Too often, people dismiss brown rice – one of the primary ingredients in Sunshine Burgers – as a side dish for Asian and other ethnic food. That’s a shame. This delicious whole grain has so much more to offer.
For nearly three decades, Sunshine Burger has sourced its organic brown rice from Lundberg Family Farms, a fourth-generation organic rice and rice product producer based in Richvale, CA. The rice is grown using eco-positive farming methods that stay true to its founding father, Albert Lundberg’s mission, to “leave the land better than how you found it.”
“We have been very happy to grow rice for use in Sunshine Burgers. It is such a great way for people to have a burger experience that is plant-based and organic. We look forward to continuing to connect Sunshine Burger consumers to the farms that their food comes from,” says Grant Lundberg, CEO of Lundberg Family Farms.
The nutritious, gluten-free carbohydrate, long a staple for plant-based eaters, offers a lot more than its bland macrobiotic reputation suggests. Packed with fiber, vitamins, antioxidants, minerals such as manganese and selenium and phytonutrients such as lignans and phenolics, brown rice has been found to help lower cholesterol and blood pressure, aid weight loss, regulate the nervous system and promote healthy bone function.
Go on you say? OK, there’s more good news.
Men’s Journal calls low-glycemic brown rice “the ideal fill-you-up food.” One cup provides 16 percent of the recommended daily intake (RDI) of vitamin B1, or thiamine, which helps the body metabolize carbohydrates into energy, and 88 percent RDI of manganese, which helps the body synthesize fats and regulate blood sugar.
Brown rice also offers a healthy dose of magnesium, which helps the body process sugar and produce insulin. Studies have found that magnesium could prevent type 2 diabetes, lower high blood pressure, and prevent cardiovascular disease. Plant lignans in brown rice also help build healthy hearts.
With 3.5 grams per cup, brown rice provides 14 percent of the RDI for fiber, which is essential to intestinal and digestive health. Eating more fiber has been found to help people maintain healthier weight, build better gut bacteria, eliminate toxins, and have regular bowel movements.

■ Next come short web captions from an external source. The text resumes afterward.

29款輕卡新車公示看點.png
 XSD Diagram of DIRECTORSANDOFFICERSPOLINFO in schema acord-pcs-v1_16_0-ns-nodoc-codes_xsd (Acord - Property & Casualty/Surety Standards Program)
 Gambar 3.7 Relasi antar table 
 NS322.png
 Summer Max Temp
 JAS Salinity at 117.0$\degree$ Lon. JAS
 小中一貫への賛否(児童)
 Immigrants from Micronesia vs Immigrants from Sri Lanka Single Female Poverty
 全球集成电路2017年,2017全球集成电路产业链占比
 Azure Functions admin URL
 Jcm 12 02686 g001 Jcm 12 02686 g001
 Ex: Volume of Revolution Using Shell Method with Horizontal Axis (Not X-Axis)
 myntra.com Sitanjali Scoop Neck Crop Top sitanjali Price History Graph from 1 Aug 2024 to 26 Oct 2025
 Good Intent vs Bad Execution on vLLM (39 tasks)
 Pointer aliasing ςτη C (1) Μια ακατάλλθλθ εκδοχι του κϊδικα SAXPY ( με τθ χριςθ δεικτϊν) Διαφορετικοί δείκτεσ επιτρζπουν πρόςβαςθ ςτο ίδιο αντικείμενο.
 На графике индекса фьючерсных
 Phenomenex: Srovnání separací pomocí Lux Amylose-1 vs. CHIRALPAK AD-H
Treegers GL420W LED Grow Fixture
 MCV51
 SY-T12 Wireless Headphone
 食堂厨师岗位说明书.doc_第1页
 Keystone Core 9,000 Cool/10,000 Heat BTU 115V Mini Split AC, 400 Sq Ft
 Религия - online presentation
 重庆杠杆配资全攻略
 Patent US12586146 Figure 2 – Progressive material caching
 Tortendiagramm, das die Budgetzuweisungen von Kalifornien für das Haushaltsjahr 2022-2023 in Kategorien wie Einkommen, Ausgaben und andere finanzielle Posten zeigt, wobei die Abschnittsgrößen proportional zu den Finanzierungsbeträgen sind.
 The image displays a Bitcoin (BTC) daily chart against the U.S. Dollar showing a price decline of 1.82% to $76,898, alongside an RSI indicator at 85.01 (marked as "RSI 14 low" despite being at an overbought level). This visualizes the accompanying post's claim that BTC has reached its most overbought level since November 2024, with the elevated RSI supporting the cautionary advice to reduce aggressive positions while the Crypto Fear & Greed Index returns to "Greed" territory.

Humans have instinctively understood rice’s nutritional value since earliest times. Archaeologists have found 11,000-year-old rice seeds and primitive farm tools in China, and they believe Arab traders brought the plant, technically a grass, to Greece. Alexander the Great introduced it to India, the Moors took it to Spain, and the Spanish carried it to South America. By the eighteenth century, rice had become a culinary basic around the world.
White rice, made by milling brown rice to remove the husk, bran and germ, became popular in the late nineteenth century. With a longer shelf life and shinier appearance, the stripped-down version overtook brown rice as the standard for many decades, until disciples of the healthy eating movement rediscovered it in the 1960s and 1970s. Tastier and more nutritious, brown rice eventually came to be seen as superior.
“Brown rice is a heartier, fiber-packed alternative to less-than-super white rice,” Health Magazine reports. “Plus, brown rice is a low-energy-density food, meaning it’s heavy and filling but low in calories. One study found that women who ate a higher-energy-density diet gained three times as much weight over six years than women eating a low-energy-density diet.”
So, go ahead. Eat Sunshine Burgers made with organic brown rice (and a few other organic ingredients). The organic brown rice and organic sunflower seed duo is a powerful combination in one burger. Live long, be healthy – and prosper.